What to do
Using the records that follow, copy every line containing the word "Silicone".

===== Information supplied =====

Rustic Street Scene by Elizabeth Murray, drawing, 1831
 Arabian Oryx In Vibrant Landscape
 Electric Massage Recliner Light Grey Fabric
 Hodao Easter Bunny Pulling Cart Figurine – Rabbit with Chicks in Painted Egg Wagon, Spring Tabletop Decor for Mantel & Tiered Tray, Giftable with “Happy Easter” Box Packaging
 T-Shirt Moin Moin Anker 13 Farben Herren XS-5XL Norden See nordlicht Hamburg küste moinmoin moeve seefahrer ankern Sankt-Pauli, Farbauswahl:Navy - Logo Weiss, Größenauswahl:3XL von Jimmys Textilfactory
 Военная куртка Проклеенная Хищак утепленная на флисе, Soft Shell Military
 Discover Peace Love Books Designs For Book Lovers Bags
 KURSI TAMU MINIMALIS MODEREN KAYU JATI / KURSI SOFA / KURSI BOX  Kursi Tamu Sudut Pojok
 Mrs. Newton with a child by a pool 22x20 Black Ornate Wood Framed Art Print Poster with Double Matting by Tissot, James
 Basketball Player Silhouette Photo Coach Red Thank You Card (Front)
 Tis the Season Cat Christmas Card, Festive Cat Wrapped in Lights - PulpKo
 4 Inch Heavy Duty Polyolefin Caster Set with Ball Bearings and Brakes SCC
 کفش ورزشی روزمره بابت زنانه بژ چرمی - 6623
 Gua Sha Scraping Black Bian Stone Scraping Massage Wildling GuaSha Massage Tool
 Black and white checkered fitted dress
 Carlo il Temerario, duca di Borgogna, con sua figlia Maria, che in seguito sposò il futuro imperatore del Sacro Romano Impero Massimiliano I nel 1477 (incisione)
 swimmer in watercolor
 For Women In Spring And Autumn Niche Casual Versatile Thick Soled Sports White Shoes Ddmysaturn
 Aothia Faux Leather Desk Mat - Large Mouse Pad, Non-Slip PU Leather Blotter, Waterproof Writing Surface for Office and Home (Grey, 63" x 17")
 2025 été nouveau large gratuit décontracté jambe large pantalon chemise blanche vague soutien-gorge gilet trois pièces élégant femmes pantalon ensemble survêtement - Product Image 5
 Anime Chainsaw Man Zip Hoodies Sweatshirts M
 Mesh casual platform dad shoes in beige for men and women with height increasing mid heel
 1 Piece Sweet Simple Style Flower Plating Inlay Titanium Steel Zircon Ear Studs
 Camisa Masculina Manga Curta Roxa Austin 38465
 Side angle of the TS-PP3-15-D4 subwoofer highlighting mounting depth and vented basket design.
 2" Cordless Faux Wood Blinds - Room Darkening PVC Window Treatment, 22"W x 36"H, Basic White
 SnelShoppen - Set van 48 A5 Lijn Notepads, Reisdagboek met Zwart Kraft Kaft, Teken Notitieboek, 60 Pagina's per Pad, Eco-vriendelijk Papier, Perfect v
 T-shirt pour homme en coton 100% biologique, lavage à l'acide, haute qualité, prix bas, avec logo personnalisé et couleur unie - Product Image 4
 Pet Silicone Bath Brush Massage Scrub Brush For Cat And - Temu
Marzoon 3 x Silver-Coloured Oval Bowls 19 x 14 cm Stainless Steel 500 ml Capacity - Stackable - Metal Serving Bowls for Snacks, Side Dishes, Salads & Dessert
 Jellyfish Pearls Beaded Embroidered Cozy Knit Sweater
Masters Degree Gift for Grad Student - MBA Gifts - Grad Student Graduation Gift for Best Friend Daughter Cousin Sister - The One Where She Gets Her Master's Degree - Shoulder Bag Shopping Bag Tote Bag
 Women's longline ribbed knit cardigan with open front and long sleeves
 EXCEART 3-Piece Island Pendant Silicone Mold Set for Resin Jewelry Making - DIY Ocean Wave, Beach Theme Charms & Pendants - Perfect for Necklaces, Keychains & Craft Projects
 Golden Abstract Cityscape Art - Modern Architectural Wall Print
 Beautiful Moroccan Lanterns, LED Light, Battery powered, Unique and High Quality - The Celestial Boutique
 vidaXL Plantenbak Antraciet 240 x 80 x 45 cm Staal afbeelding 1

=====

Final answer
 Pet Silicone Bath Brush Massage Scrub Brush For Cat And - Temu
 EXCEART 3-Piece Island Pendant Silicone Mold Set for Resin Jewelry Making - DIY Ocean Wave, Beach Theme Charms & Pendants - Perfect for Necklaces, Keychains & Craft Projects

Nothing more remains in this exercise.